If you get tired of the combat habits of a particular character, another can be switched to mid-battle. This can offer a refreshing and welcome change in pace; magic users such as the young Lymle handle very differently in battle than melee heavy characters such as the scythe-wielding Arumat. For harder enemies, knowing which character to use and how to get the most out of them is key to victory.
What makes the combat even more interesting is battle trophies; in game achievements awarded for meeting certain requirements in battle. These might include killing a hundred undead enemies, completing the battle in a certain amount of time, or stringing together a 10-hit Rush combo.

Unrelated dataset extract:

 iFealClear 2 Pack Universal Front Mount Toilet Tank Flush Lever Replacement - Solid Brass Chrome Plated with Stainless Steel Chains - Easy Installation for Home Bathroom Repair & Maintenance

What's more, each character has a hundred trophies, meaning there are 900 of the things to collect - a feat that'll take even the most persistent gamer a serious amount of time to do.

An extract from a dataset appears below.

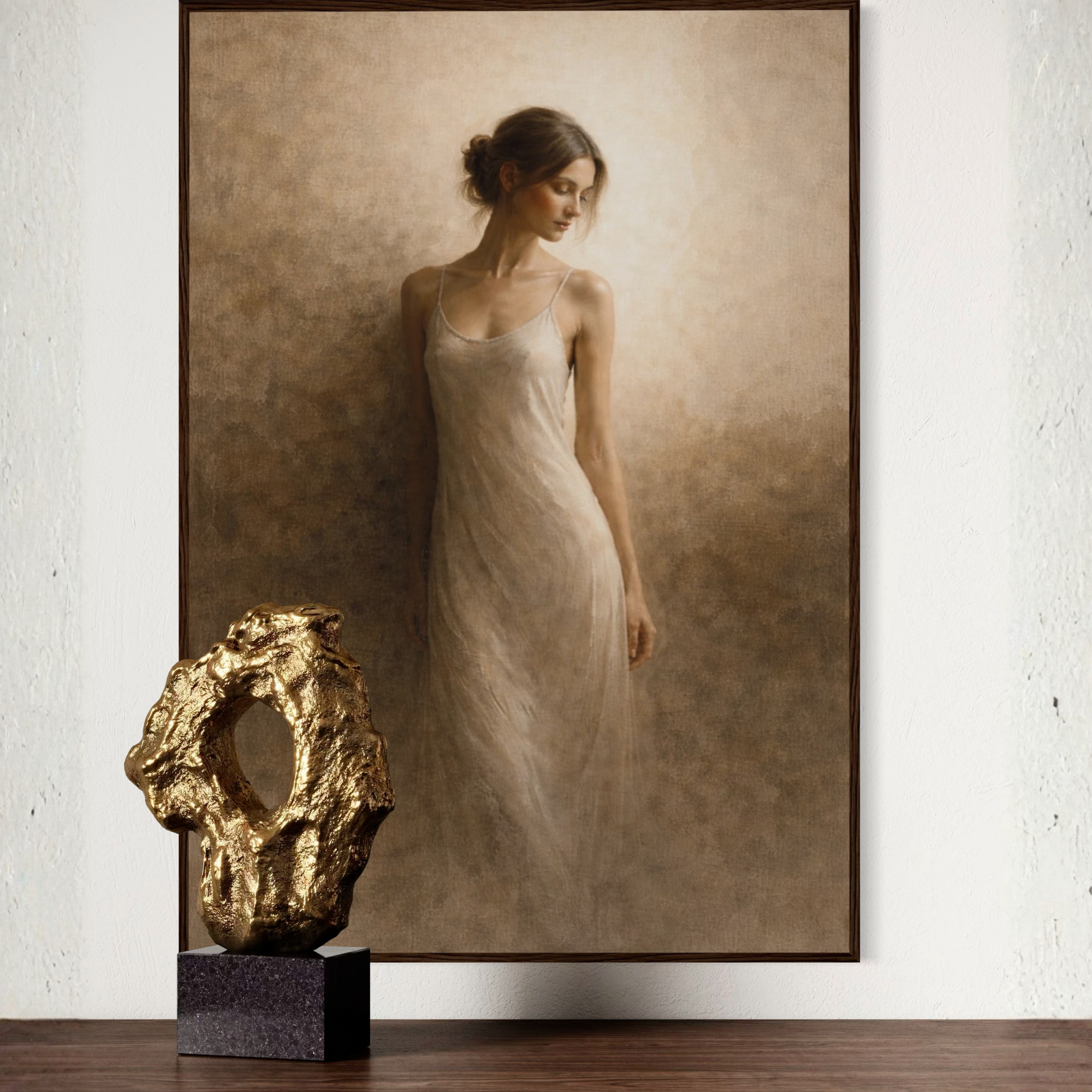 Framed art poster titled "Threshold II — Passage" by LunarHeartCo featuring abstract geometric design in a sleek frame.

Aboard the Calnus, players can initiate Private Actions with the rest of the crew, a nice little addition to the game that attempts to offer insight into the lives of the characters. The ship also features a room with a holodeck, putting you in contact with the erratic Welch. As well as providing comic relief, Welch also offers services in item creation and synthesis. Although this may daunt the casual player, experienced role-playing fans will relish the sophistication of it all. There's also the opportunity to strengthen weapons and armour through synthesis. If you have a weapon with enough synth slots, it's possible to create some truly devastating tools of destruction. Take my Imperial Sword for example; it causes poison on touch, has an increased critical hit chance, and grants 60 per cent extra experience per kill. Jealous?
Should the main story lose your attention, the vast Star Ocean features numerous distractions to take your mind off the stresses of saving the universe. Roak's Colosseum, for example, features hundreds of arranged battles, not just for your party, but individual characters too. There's also Bunny Racing, a clear nod to the Chocobo Racing of Square Enix's Final Fantasy universe. And on top of that there are the countless side-quests that can be undertaken from towns and villages, as well as item collection quests given out at shops. In short, The Last Hope is a big, big game, and there's never a shortage of things to do.

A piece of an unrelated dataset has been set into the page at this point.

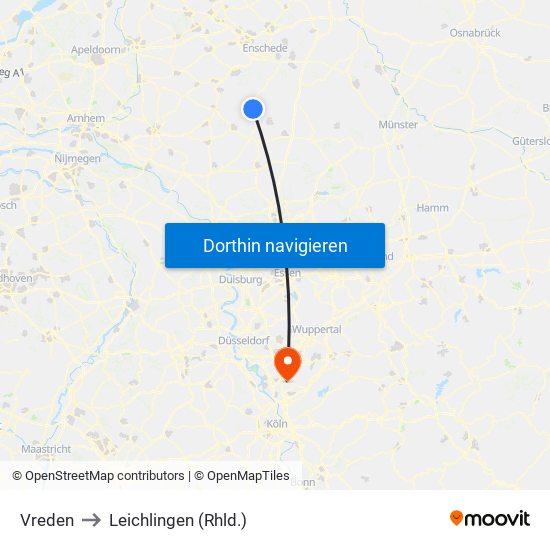 Vreden to Leichlingen (Rhld.) map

Once you've completed the main game, The Last Hope offers one of the best post-game challenges since the dark aeons of Final Fantasy X. The Cave of the Seven Stars and Wandering Dungeon plays host to the most bad-ass and punishingly hard enemies in the game. Just be sure your characters have some serious levels under their belt and their weapons are synthed to the max, otherwise you won't last more than a few seconds. For those with the right credentials, the post-game can potentially double your existing game time.
If you've played the game on 360 already, you've probably been waiting to read what's new in the PS3 version. First is the option to play through the game with the original Japanese dialogue (hence the ‘International' in the title), which makes the awkward dialogue mentioned previously a lot more bearable. The 3D character portraits that accompany your characters' stats in battle can also be swapped for more traditional anime artwork, which, to my eyes at least, is far more attractive. There have also been a few tweaks made to the combat system, but these make little difference to the experience as a whole.
For JRPG fans, there's little to compete with The Last Hope on the PS3. It not only offers one the most enjoyable battle-systems of recent times, but also an overall level of depth JRPG fans have been deprived of in this generation of consoles. If you own both the 360 and PS3 and have been holding out until now, there's no reason to deny yourself the game any longer. Last Hope International is the definitive Star Ocean 4 experience, and as far as I'm concerned, the best next-gen RPG money can buy.